La gym belge en plein flou artistique

NICOLAS LEMBREE

Publié le - Mis à jour le

Quatre des six gymnastes de l’équipe masculine, qui étaient présélectionnés pour les championnats du monde de gymnastique artistique, ne se rendront finalement pas à Gand. A quelques jours de la compétition (du 28/10 au 04/11), la Belgique ne sera donc pas représentée dans l’épreuve par équipe. Maarten Caluwaerts, Mathieu Danero, Arnaud Pauquet et Jean-Mathieu Zeeberg sont les quatre sportifs visés par cette décision de la Commission nationale de la Fédération belge de gymnastique. Seuls deux hommes restent donc pour présenter les épreuves individuelles: Gunther Couckuyt et Pierre-Dominique Frère.

QUELLES VÉRITABLES RAISONS ?

Sur les six hommes présélectionnés, quatre étaient francophones. Et ce sont trois d’entre eux qui se sont retrouvés sur la touche suite à cette décision. Décision qui plonge la fédération dans une situation délicate, car les motivations invoquées ne semblent pas satisfaire tout le monde.

En février dernier, la Commission technique et le Comité de coordination avaient arrêté une condition pour la sélection aux championnats. Les garçons devaient obtenir un minimum de 50 points en individuel et de 200 points en équipe, cela lors de quatre compétitions: le championnat de Belgique, les universiades, et deux matches internationaux au choix (dans ce cas-ci, contre les Pays-Bas et le Danemark). Selon la Commission, c’est lors de ces deux derniers événements que l’équipe s’est montrée en mauvaise forme (197 points au Danemark, le 13 octobre dernier). Mais du côté de l’Association francophone de gymnastique (AFG, branche francophone de la fédération), on affirme que les règles ont été changées. Adolphe Gaillard, secrétaire général de l’AFG, explique: “Selon les règles instaurées en février, la sélection ne demande de minima que dans une seule des quatre compétitions. Lorsqu’on fixe des minima, on doit les respecter, et si on les atteint, on ne peut plus les modifier.”

La branche flamande de la fédération, la Turnliga, affirme au contraire que le rapport contenant ces règles était provisoire, et qu’après chaque olympiade, une nouvelle norme est adoptée.

Pour prendre ses décisions en matière de compétition internationale, les deux branches de la fédération doivent se réunir au sein d’une Commission technique paritaire (cinq néerlandophones, cinq francophones). “Un francophone a voté comme les Flamands,poursuit M. Gaillard, parce qu’il pensait aussi que les gymnastes n’étaient pas en forme. Je ne pense pas qu’il y ait vraiment de problème communautaire. Il s’est passé la même chose avec une Flamande, aux championnats de Madrid.”

ENCORE DES GROS SOUS ?

Le problème, c’est peut-être au niveau budgétaire qu’il faut le chercher.
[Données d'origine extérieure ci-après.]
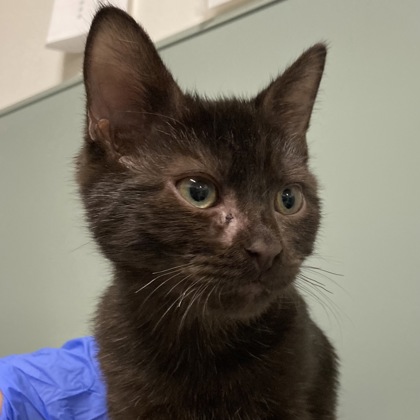 ATOM - Domestic Shorthair / Mix available for adoption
En effet, le Bloso, équivalent flamand de l’Adeps, subventionne la Turnliga, en fonction du classement des gymnastes. Jean-Luc Deloof, directeur technique de l’AFG, confie:“Ça doit être le fond du problème, même si ce n’est pas clairement exprimé. Le Bloso espérait des Belges un classement vers la moitié. Mais ça n’est pas possible pour nous. Les autres équipes sont des pros, qui s’entraînent deux fois par jour…”

Pour sa part, la Vlaamse Turnliga estime que seuls certains dirigeants de la fédération belge croient à cette histoire de budget. “La vraie préoccupation, c’est d’avoir un certain niveau à montrer aux autres pays, explique Alain Cousement, président du groupe “gymnastique artistique hommes” de la VLT. Il ne faut pas oublier que ce sont les dirigeants nationaux qui ont cette responsabilité. S’il n’est pas bon, c’est dommage pour les gymnastes. C’est d’ailleurs d’eux et de leurs parents que doivent venir les réactions problématiques.”

Dans cette optique, on imagine sans peine la réaction des deux sportifs, Arnaud Pauquet et Mathieu Danero, qui se sont malgré tout rendus à Gand pour se faire accréditer, et qui ont découvert eux-mêmes leurs noms rayés de la liste.